Warning: This will increase potential down-time of catalogd to 163s in
the worst case (up from 17s). (LeaseDuration + RetryPeriod)
---
 catalogd/cmd/catalogd/main.go   | 11 +++++++++--
 cmd/operator-controller/main.go |  9 ++++++++-
 2 files changed, 17 insertions(+), 3 deletions(-)

diff --git a/catalogd/cmd/catalogd/main.go b/catalogd/cmd/catalogd/main.go
index 77698444c..35854aeae 100644
--- a/catalogd/cmd/catalogd/main.go
+++ b/catalogd/cmd/catalogd/main.go
@@ -42,6 +42,7 @@ import (
 	_ "k8s.io/client-go/plugin/pkg/client/auth"
 	"k8s.io/klog/v2"
 	"k8s.io/klog/v2/textlogger"
+	"k8s.io/utils/ptr"
 	ctrl "sigs.k8s.io/controller-runtime"
 	crcache "sigs.k8s.io/controller-runtime/pkg/cache"
 	"sigs.k8s.io/controller-runtime/pkg/certwatcher"
@@ -231,8 +232,14 @@ func main() {
 		HealthProbeBindAddress: probeAddr,
 		LeaderElection:         enableLeaderElection,
 		LeaderElectionID:       "catalogd-operator-lock",
-		WebhookServer:          webhookServer,
-		Cache:                  cacheOptions,
+		// Recommended Leader Election values
+		// https://github.com/openshift/enhancements/blob/61581dcd985130357d6e4b0e72b87ee35394bf6e/CONVENTIONS.md#handling-kube-apiserver-disruption
+		LeaseDuration: ptr.To(137 * time.Second),
+		RenewDeadline: ptr.To(107 * time.Second),
+		RetryPeriod:   ptr.To(26 * time.Second),
+
+		WebhookServer: webhookServer,
+		Cache:         cacheOptions,
 	})
 	if err != nil {
 		setupLog.Error(err, "unable to create manager")

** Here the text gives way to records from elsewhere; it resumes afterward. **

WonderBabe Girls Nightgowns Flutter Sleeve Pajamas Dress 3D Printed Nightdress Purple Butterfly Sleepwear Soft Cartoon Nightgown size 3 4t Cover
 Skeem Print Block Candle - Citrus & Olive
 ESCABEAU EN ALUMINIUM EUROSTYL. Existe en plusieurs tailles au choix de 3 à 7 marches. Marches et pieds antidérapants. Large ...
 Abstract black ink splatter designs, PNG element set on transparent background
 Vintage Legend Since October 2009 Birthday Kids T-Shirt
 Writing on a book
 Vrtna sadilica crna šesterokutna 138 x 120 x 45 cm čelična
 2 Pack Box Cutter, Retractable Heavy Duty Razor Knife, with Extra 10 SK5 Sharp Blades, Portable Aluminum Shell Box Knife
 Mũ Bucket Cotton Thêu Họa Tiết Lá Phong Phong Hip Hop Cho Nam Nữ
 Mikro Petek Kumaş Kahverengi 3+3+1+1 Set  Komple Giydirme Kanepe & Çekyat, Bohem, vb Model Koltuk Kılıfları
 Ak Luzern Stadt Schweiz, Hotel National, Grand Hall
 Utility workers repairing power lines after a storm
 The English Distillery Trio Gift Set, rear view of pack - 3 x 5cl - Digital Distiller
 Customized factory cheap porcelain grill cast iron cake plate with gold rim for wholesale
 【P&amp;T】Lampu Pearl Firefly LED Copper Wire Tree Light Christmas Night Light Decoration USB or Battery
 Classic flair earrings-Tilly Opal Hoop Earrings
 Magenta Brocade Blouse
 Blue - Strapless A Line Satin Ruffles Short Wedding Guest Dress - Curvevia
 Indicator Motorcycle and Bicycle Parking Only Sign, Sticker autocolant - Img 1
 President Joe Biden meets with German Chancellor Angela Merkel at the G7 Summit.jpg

diff --git a/cmd/operator-controller/main.go b/cmd/operator-controller/main.go
index e45a130f7..6ce04026c 100644
--- a/cmd/operator-controller/main.go
+++ b/cmd/operator-controller/main.go
@@ -40,6 +40,7 @@ import (
 	_ "k8s.io/client-go/plugin/pkg/client/auth"
 	"k8s.io/klog/v2"
 	"k8s.io/klog/v2/textlogger"
+	"k8s.io/utils/ptr"
 	ctrl "sigs.k8s.io/controller-runtime"
 	crcache "sigs.k8s.io/controller-runtime/pkg/cache"
 	"sigs.k8s.io/controller-runtime/pkg/certwatcher"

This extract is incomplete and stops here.